You can’t see this, but there’s a secret labeling system in these blogs.

Each blog has a handful of tags to describe it, so I can find articles on the same subjects later.

They also help me to understand what I like to write about most.

If you’re any good at HTML, you can probably still see them in the source code.

The most common tag used on the blog is “Life.” This tag is completely useless, but it is easy to use.

The next one is “Mindset,” and the third most popular is “Kaizen.” Motivation, Creativity, Change, Stoicism, Being Human, and Buddhism all make the top ten.

It’s usually well maintained, but when writing is an obstacle, the tag system is ignored in my haste to get something published.

Classification is useful. That all science — what all human knowledge — is. Different hierarchies of labels.

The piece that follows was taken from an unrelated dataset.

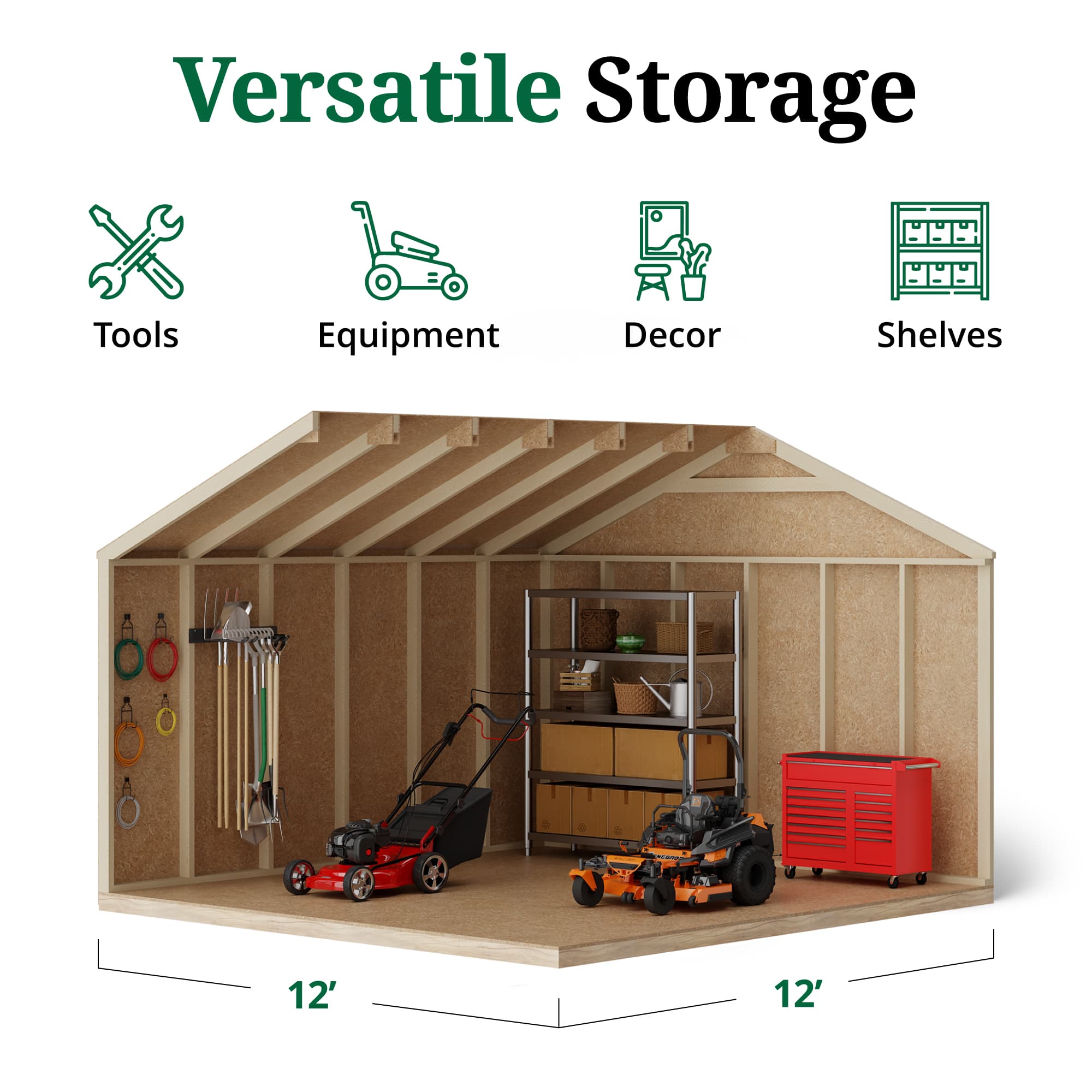 Value Workshop Shed interior graphic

Labels are useful, yes; powerful, even. But they’re not necessary for creation; they mostly get in the way. They’re only useful post-creation, for people who like to know the labels that are in vogue.

So, don’t let one little label stop you from what might have been.

Dangerous Words

In 1945, a decorated Captain in the Red Army wrote a letter that destroyed his life.

As the war ended, Aleksandr Solzhenitsyn’s battle with the USSR began.

He spent eight years in the GULAG, writing without pen or paper. After his release, Alek continued writing secretly.

When he published a story about life in the slave camps, Russia made him a famous writer for a while. But then the regime changed its mind and began destroying his work. 

Alek wrote feverishly in secret, spreading his words with friends of friends across borders. 

In 1970 those words won him a Nobel Prize. Then a year later, the KGB tried to kill him. So Alek smuggled his most dangerous words out of the country and published them worldwide.

The USSR told him he wasn’t Russian anymore and exiled him. But it was too late.

His words had unveiled the brutality of the regime.

And Alek kept writing until the USSR collapsed completely.

Shortly after, he got told he was Russian again and could return. After a little while, he did. And after his death in 2008, The Gulag Archipelago became required reading in Russian schools.

To show words can be very dangerous indeed.

 

 

Say Nothing

Saying nothing is the most dangerous thing we can do.

We like to think that if we keep quiet and keep our heads down, we’ll be ok. But saying nothing could strip us everything.

‘Saying nothing’ is just as loud as screaming through a megaphone. Sometimes even louder. That’s why “your silence speaks volumes”

Aleksandr Solzhenitsyn writes in The Gulag Archipelago about how freedom is eroded, one small submission — one short silence — at a time.

When we say nothing against the mistreatment or abuse of other beings, we sanction it. When we say nothing of our own suffering or fail to advocate for our dreams, we bury deep within ourselves the seed of an all-consuming, bitter plant.

It’s all too easy to say something these days, and even easier to say the wrong thing.

But saying nothing in the face of injustice rips the future from under all our feet.